PROBLEM REQUIREMENTS:
Would you reproduce exactly the lines below from the one holding "Jacob Burton here" through the one holding "Assalamualaikum. Good morning.", inclusive, and no others?

INFORMATION GIVEN: Begin

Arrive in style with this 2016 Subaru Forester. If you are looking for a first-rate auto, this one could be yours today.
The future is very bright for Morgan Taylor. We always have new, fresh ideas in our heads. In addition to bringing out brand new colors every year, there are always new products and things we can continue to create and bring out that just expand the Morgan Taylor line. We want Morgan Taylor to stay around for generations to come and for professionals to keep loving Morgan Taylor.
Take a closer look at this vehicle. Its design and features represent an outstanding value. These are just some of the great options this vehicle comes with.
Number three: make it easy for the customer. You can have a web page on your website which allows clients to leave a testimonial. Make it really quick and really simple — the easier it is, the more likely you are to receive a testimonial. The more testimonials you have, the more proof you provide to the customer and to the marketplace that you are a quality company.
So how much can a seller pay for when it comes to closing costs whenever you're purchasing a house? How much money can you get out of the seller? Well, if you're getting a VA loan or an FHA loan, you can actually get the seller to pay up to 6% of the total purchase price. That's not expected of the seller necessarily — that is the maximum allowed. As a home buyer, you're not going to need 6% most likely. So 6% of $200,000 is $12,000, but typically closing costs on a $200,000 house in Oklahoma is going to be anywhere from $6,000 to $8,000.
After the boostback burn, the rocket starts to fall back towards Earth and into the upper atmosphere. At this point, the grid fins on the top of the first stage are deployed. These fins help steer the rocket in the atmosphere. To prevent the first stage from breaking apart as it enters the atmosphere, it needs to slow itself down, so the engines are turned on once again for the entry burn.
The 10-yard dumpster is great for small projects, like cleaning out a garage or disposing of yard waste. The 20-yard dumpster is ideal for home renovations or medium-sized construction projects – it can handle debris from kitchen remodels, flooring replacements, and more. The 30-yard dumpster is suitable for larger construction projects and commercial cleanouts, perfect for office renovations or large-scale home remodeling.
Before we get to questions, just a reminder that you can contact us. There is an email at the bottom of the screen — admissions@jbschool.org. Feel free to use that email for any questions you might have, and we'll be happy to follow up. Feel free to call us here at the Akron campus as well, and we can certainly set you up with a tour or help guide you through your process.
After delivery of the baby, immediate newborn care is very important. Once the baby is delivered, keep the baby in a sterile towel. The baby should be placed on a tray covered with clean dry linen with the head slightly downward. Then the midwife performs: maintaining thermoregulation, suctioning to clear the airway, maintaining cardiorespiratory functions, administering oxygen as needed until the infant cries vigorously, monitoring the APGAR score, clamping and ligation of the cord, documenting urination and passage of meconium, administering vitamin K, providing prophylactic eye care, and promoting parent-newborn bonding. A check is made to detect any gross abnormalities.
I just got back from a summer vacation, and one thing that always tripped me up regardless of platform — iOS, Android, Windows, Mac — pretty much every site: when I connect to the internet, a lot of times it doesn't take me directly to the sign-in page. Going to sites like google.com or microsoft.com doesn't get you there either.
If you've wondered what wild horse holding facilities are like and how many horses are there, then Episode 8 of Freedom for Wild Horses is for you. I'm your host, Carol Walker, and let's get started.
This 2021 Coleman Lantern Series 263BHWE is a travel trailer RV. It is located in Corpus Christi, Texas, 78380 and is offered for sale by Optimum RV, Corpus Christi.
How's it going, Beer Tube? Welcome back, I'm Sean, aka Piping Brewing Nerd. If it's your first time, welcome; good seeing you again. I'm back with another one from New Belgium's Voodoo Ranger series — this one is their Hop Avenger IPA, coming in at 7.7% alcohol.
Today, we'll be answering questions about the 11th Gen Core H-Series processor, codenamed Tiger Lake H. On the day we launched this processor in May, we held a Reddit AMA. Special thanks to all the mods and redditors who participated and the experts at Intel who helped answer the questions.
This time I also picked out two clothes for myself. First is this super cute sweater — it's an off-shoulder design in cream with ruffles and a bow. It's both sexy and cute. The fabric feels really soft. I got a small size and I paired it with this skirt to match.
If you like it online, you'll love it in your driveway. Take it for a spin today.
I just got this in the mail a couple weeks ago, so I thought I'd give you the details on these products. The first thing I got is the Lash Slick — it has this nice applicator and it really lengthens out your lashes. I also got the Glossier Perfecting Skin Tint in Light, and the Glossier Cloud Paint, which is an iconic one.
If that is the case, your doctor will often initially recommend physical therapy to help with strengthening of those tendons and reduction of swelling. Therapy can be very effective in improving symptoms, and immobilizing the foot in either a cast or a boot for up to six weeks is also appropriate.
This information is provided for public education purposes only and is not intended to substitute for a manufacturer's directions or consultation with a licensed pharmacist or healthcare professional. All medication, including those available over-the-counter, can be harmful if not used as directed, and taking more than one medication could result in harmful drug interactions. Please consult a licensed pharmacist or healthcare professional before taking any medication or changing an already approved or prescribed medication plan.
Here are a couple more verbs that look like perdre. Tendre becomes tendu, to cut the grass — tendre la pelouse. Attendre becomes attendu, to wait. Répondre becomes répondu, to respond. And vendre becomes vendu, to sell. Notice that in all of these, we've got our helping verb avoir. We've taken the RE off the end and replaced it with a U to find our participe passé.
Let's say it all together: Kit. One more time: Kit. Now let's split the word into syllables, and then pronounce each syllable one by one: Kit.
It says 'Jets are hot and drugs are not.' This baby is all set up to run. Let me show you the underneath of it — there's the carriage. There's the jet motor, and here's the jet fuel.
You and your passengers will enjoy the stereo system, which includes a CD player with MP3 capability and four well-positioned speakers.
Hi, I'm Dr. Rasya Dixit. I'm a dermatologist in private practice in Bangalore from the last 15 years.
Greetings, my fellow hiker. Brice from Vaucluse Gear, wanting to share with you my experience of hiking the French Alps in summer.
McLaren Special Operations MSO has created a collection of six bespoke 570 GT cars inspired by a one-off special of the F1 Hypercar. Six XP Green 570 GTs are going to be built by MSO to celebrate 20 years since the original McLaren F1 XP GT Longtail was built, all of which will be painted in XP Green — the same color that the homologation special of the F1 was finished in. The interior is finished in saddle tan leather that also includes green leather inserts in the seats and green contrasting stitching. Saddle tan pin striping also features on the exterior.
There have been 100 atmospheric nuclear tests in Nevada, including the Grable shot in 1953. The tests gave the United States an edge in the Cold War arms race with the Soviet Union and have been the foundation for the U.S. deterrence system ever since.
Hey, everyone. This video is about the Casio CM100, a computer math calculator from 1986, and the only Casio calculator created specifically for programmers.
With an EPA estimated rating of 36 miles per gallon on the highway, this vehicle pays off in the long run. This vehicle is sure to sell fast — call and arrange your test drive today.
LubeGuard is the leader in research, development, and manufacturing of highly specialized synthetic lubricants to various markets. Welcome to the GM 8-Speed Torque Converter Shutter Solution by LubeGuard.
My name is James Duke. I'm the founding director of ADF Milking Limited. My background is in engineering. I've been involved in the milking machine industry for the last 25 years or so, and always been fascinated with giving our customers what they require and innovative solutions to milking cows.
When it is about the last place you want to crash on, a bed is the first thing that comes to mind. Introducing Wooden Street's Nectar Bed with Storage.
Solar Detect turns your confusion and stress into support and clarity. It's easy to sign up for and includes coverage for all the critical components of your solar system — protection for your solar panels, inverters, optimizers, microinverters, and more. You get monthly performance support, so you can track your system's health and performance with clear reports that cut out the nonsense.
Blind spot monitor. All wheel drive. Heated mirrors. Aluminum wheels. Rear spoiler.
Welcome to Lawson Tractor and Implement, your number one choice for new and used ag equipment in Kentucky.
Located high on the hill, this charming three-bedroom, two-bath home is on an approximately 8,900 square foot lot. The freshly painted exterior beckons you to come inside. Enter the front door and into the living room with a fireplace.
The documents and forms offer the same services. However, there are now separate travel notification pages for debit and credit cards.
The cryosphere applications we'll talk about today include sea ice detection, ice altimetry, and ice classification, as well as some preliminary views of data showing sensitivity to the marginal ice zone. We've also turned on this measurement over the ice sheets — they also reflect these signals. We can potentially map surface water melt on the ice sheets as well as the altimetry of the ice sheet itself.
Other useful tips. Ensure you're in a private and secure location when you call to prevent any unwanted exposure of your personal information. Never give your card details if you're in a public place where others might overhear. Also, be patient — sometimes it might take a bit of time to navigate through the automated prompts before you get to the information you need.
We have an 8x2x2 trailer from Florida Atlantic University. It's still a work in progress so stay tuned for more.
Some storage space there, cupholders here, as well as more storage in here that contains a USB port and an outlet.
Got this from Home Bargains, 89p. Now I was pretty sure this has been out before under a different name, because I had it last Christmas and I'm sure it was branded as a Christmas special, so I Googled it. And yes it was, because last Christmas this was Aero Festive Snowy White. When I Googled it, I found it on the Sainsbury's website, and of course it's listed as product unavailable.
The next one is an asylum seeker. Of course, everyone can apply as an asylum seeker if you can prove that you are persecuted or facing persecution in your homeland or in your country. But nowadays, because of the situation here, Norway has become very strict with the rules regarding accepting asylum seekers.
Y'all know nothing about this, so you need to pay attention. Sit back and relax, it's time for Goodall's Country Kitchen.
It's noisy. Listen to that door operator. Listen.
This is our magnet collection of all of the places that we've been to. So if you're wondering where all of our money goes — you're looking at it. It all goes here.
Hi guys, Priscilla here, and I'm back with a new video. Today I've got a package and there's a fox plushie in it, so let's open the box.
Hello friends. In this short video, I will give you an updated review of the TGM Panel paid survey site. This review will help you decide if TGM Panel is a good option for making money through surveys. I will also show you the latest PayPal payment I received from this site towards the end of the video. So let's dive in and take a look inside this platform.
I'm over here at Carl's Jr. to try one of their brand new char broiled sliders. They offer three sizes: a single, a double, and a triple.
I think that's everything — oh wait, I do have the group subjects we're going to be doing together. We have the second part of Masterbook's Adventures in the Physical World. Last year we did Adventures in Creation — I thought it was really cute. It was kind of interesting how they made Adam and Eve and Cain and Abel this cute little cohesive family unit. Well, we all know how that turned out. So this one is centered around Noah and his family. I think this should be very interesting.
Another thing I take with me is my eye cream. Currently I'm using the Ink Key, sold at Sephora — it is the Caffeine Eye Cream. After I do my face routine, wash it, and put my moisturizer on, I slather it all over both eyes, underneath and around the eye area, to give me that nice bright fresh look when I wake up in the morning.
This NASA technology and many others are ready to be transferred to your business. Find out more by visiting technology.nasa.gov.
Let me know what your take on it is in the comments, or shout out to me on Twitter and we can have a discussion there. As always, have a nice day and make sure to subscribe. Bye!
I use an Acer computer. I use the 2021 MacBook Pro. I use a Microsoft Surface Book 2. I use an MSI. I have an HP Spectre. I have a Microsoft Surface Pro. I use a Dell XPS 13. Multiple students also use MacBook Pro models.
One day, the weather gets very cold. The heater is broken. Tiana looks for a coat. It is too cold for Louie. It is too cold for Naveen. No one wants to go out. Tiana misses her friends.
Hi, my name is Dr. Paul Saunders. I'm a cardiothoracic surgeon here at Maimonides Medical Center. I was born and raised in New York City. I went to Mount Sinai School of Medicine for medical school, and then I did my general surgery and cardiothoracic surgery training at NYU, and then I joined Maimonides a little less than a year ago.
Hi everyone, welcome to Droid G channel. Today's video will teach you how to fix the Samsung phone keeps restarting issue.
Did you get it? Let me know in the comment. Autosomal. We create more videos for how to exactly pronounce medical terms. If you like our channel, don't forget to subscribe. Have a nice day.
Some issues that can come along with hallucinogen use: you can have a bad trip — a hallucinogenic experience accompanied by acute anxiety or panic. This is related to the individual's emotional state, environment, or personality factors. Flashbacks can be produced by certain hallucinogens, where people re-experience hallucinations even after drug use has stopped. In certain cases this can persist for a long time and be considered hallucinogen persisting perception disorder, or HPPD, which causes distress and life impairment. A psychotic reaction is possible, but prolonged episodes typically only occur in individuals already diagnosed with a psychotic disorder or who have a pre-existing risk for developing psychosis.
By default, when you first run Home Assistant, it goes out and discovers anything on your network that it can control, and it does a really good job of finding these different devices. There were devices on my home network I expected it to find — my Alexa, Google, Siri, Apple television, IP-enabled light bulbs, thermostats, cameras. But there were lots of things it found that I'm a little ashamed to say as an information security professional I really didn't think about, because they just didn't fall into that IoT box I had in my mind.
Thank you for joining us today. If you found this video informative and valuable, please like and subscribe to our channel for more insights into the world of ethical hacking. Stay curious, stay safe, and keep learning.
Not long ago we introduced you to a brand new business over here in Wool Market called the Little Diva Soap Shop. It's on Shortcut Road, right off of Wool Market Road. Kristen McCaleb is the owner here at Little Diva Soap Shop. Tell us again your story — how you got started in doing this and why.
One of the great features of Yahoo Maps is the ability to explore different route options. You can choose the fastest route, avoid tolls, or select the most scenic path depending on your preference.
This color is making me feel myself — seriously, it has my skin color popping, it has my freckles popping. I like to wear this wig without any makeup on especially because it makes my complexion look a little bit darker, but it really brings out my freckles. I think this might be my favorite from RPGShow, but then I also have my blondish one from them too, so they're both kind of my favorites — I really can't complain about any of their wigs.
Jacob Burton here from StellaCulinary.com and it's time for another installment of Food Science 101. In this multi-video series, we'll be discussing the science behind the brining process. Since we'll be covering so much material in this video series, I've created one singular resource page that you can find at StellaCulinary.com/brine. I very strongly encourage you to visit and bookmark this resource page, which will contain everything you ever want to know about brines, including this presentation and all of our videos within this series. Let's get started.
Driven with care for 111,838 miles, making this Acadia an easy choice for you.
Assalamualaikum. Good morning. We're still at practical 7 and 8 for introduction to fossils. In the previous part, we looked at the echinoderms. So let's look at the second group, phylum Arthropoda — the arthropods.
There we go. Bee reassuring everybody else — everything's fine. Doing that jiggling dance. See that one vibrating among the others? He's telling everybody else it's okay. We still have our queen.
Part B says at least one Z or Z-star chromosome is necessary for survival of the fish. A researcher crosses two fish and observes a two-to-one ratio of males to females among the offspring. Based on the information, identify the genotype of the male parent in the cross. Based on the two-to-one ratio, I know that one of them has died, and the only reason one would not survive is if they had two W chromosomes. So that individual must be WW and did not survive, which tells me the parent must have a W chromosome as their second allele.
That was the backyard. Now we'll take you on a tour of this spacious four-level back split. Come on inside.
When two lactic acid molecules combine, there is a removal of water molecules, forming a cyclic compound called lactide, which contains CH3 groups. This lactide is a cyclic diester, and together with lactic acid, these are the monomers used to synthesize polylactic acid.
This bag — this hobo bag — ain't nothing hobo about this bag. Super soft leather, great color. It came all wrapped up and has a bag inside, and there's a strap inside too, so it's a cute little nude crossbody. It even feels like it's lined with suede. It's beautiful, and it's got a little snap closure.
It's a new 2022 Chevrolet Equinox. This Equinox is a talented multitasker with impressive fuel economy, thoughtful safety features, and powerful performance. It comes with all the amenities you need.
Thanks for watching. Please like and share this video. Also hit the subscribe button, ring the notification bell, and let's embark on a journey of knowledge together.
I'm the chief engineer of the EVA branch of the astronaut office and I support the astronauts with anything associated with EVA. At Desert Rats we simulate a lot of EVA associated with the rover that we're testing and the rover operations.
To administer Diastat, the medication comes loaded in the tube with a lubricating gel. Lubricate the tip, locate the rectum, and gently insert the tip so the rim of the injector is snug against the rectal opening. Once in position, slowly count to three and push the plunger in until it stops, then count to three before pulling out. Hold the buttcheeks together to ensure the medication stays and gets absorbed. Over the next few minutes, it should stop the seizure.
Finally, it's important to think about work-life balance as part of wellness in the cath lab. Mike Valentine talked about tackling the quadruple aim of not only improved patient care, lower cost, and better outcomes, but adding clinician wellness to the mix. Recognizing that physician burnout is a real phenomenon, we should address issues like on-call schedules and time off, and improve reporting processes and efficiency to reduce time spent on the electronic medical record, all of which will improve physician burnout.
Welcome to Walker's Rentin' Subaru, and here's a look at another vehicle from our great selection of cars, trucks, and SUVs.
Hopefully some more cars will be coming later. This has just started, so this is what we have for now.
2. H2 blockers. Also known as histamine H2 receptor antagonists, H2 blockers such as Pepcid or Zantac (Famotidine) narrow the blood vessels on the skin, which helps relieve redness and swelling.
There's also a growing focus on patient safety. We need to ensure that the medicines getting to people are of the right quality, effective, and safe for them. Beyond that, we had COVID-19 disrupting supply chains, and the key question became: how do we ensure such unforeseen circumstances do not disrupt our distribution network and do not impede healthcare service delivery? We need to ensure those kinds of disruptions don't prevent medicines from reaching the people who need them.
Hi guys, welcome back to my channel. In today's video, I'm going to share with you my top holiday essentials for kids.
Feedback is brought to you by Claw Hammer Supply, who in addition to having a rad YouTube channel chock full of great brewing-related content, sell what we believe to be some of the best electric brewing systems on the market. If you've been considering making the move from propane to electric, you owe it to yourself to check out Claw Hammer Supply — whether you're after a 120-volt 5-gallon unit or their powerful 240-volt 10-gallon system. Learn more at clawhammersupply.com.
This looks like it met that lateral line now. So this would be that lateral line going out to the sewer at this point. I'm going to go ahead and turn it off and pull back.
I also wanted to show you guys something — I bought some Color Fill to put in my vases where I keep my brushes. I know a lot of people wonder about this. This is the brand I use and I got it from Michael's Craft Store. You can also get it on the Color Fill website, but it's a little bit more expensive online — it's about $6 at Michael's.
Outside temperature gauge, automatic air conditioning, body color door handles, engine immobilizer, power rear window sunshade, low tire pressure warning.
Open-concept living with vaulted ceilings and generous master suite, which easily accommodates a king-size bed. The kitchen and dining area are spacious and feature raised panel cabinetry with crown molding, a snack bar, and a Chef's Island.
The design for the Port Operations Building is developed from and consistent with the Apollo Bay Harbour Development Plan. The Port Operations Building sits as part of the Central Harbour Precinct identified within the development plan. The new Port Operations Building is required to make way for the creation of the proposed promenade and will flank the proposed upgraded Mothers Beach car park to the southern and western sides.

INFORMATION GIVEN: End

TASK RESULT:
Jacob Burton here from StellaCulinary.com and it's time for another installment of Food Science 101. In this multi-video series, we'll be discussing the science behind the brining process. Since we'll be covering so much material in this video series, I've created one singular resource page that you can find at StellaCulinary.com/brine. I very strongly encourage you to visit and bookmark this resource page, which will contain everything you ever want to know about brines, including this presentation and all of our videos within this series. Let's get started.
Driven with care for 111,838 miles, making this Acadia an easy choice for you.
Assalamualaikum. Good morning. We're still at practical 7 and 8 for introduction to fossils. In the previous part, we looked at the echinoderms. So let's look at the second group, phylum Arthropoda — the arthropods.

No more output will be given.